1. Safe and stable so far - The reverberations of the 2011 Arab Spring have been felt throughout the Middle East, and they’re not over yet. The instability in Egypt especially has had a lasting impact on tourism not only in that country, but surrounding nations including Jordan. In response to this tourism challenge, Jordan has rallied and launched an aggressive campaign to show people not only that there are many great experiences and adventures to be had, but that the country is safe. And indeed it has been safe. (Please note, I’m only writing about my experiences and can’t foretell the future, yet) Throughout my stay I felt safe and secure, enough so to wander around the sometimes hectic streets of Amman in the evenings hunting for culinary treats. No matter where in the country I visited, at no time was I concerned for my safety. Realize though that I’m writing from the point of view of a white, thirty-something American male and that my experiences may not be the same for everyone. Of course, that goes without saying no matter where you travel.
2. Food - I enjoyed the sites and the natural wonders, but personally the star of the show was the food in Jordan. I think it appealed to me so much because I, like the food, am not a fussy person. I detest haute cuisine and instead find a certain comfort in simple, street food. Bread forms the backbone of Jordanian cuisine, it’s everywhere. For a dollar or two you can buy kilos, yes kilos, of freshly made bread to take back and savor alone or with any of the small dishes that comprise the rest of Jordan culinary tradition. Hummus, ful and falafel are common dishes served in huge quantities to share with friends or guard miserly for yourself.

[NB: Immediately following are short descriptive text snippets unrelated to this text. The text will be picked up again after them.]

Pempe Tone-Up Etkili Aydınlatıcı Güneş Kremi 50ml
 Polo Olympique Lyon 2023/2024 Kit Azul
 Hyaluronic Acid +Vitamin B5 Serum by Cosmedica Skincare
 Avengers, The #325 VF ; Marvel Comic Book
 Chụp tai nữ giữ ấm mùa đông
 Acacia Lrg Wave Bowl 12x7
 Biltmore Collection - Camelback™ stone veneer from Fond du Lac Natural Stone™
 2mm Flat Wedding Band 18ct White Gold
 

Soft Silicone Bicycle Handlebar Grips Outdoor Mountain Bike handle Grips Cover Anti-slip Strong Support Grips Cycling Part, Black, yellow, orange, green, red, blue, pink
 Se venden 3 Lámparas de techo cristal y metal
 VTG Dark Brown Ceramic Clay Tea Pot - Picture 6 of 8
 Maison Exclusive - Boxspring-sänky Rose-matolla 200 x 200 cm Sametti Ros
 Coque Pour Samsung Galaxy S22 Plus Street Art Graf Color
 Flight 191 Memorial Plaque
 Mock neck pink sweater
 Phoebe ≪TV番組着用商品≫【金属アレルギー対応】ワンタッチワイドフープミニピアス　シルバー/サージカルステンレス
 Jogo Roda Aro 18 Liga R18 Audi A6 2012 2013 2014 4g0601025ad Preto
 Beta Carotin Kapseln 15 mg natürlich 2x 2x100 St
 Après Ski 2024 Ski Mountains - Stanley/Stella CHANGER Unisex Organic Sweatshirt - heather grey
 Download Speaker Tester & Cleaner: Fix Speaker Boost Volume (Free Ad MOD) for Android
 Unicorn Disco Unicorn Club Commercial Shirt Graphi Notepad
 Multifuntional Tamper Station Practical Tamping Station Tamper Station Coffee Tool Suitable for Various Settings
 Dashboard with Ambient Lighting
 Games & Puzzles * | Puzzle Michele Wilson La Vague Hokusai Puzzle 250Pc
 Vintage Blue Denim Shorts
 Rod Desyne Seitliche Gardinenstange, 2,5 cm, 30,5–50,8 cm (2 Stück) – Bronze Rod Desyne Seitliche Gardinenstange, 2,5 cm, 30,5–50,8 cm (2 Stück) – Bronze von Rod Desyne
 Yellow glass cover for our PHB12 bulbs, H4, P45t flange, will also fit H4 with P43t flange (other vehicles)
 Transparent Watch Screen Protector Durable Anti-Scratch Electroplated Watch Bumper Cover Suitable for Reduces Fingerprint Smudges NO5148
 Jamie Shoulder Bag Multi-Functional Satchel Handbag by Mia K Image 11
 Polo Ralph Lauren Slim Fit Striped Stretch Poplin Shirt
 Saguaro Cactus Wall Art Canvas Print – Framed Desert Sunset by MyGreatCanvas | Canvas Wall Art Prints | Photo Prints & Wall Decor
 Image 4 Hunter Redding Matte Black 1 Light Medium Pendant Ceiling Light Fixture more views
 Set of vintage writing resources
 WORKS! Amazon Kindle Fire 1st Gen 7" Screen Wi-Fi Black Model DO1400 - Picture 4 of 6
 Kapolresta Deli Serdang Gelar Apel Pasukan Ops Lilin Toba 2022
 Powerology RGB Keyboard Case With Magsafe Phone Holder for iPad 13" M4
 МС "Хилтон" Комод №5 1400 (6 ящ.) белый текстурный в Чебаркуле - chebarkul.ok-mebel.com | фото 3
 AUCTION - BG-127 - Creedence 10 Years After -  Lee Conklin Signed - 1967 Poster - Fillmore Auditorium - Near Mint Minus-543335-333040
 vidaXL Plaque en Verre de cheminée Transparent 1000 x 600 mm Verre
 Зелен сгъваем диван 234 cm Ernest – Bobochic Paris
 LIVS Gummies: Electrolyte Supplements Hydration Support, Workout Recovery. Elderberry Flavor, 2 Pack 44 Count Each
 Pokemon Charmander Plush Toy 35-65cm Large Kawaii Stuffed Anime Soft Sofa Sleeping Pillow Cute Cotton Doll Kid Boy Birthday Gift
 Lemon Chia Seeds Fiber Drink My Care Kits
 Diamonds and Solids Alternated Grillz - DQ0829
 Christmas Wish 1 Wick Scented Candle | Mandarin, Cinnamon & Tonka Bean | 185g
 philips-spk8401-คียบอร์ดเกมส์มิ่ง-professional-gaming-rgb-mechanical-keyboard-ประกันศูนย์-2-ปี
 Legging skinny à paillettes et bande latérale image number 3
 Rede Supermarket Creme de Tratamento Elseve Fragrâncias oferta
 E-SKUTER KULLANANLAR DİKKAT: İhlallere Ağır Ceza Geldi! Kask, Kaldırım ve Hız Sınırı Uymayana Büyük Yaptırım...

3. Amazing sites - Most people are familiar with Petra, thanks in large part to Indiana Jones. And while, yes, Petra is amazing, not to missed and remarkable, there are other things to do and see in Jordan. A week is not even enough time to fully explore just the highlights of the country, two weeks would be best if possible. To capture the brilliance of the desert, an overnight stay in Wadi Rum at a Bedouin camp is something everyone has to try once. It’s bizarre, but standing in the middle of a flat desert plain, gazing upwards at the millions of stars, I felt more connected to the world around me than anywhere else I’ve been. For something a little less dry, spend some time in Aqaba and the Red Sea. A hugely popular resort area, the Red Sea is famous for its snorkeling and SCUBA diving, both great ways to escape the desert heat. No matter what your interests are, there is plenty to do and see in Jordan.
4. Impress your friends with baby camel photos - Who doesn’t love baby animals, especially ones that look as cute as these baby camels? Of course your friends will be impressed that you got to hang out with these cute dromedaries, but more than that they’ll be impressed that you actually did something out of your comfort zone. That’s important when we travel, to push ourselves even a little bit to accept things that at first may be uncomfortable. What this means depends on the person, for some it’s going overseas for the first time and for others it may mean traveling alone in a foreign city. No matter what your travel comfort zone is though, always be sure to push it a little bit and see what adventures arise as a result, because they always do.
5. Hospitality – People are strange. I haven’t seen many outwardly negative people while traveling, most of the time everyone is happy to see a tourist and a welcome of some sort is extended. Some people are better at this than others and a much smaller percentage are actually sincere about their welcome. Jordan is such a place. In fact, not only was the hospitality and kindness I encountered in Jordan effusive, I think the Jordanians may be some of the nicest people I’ve ever met traveling. Thailand usually wins this contest, the citizens in the Land of 1,000 Smiles can’t be beat, but Jordan has given them a run for their money. Simple gestures, like giving me a cup of coffee or a loaf of bread were noteworthy, but it went beyond that. The people I met really wanted me to learn more about them and their country and went out of their way to educate me. Yes the food was great, yes there’s tons to do and see, but for more than anything I would return to Jordan just to be around the people again.